Birikim süreci, doğası gereği krizler üretir, ama adi solcu, bu krizlerin neden
olduğuna, nasıl olduğuna ve ne zaman olduğuna dair tek bir açıklama getiremez.
Son
süreçte sadece 2021 yılı içerisinde Pfizer 480 milyon dolar kazandı. Bu eşi
benzeri görülmemiş ölçüde cereyan eden, ilâç piyasasındaki gelişme üzerinden
aşağıdan yukarıya doğru gerçekleşen, ilâç sektörünün teknoloji ve medya
sektörüyle birlikte birikimlerini artırdığı servet transferinden söz
ettiğinizde adi solcu, sadece omuz silkmekle yetinir. O, bu tür konularla hiç
ilgilenmez. Sadece kültür savaşına dikkat kesilir. Mesela, “gene bir kadın
patron geçmiş sol partinin başına” der. Hiç kitap okumadığı için, bu tür
fikirlerle doldurur Instagram hesabını, orada bu tür fikirleri pazarlar.
Adi
sol, dükkânların ve kuaförlerin kapanma döneminde gelir kaybedeceğinin elbette
ki farkındadır, ama bunu küçük burjuvanın sorunu olarak görür.
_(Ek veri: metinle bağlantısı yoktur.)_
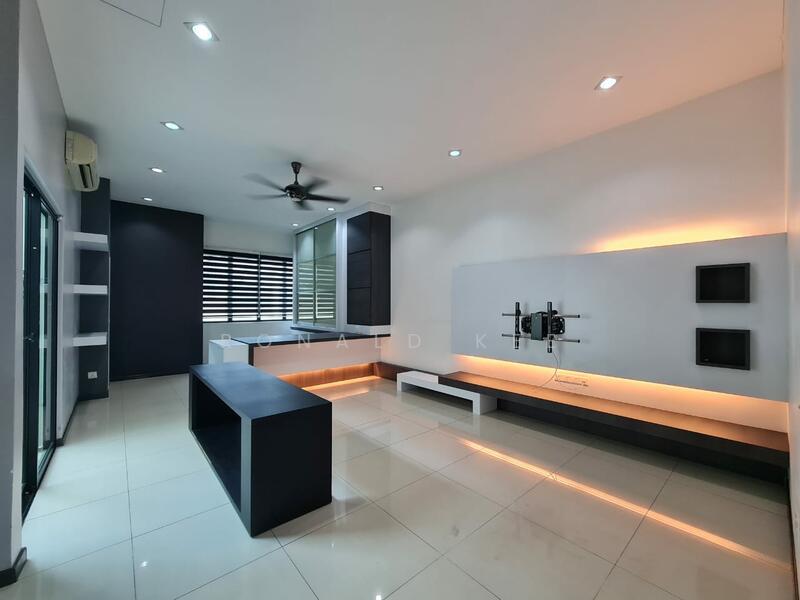 3-storey Terraced House for Sale in Bandar Bayan Bahru (Bayan Lepas) - Ronald Kee - Living Room - PropertyGuru.com.my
Onun görüşünü
idrak ettikçe yavaş yavaş onun işçi sınıfından nefret eden bir sol liberal olduğunu
fark edersiniz.
“Günümüz
Solu İşçi Sınıfından Neden Nefret Ediyor” başlıklı bir yazı kaleme almış olan
Paul Embery gibi kimi yorumcular, solun işçileri küçümseyen yaklaşımına dikkat
çekiyorlar. Ta 1937’de George Orwell, orta sınıf içerisinde bir kesimin bağrından
işçi sınıfından nefret eden sosyalistleri çıkarttığından söz ediyordu. Bu kesim,
“sosyalizmin en gelişmiş biçiminin tümüyle orta sınıfla sınırlı olan teori”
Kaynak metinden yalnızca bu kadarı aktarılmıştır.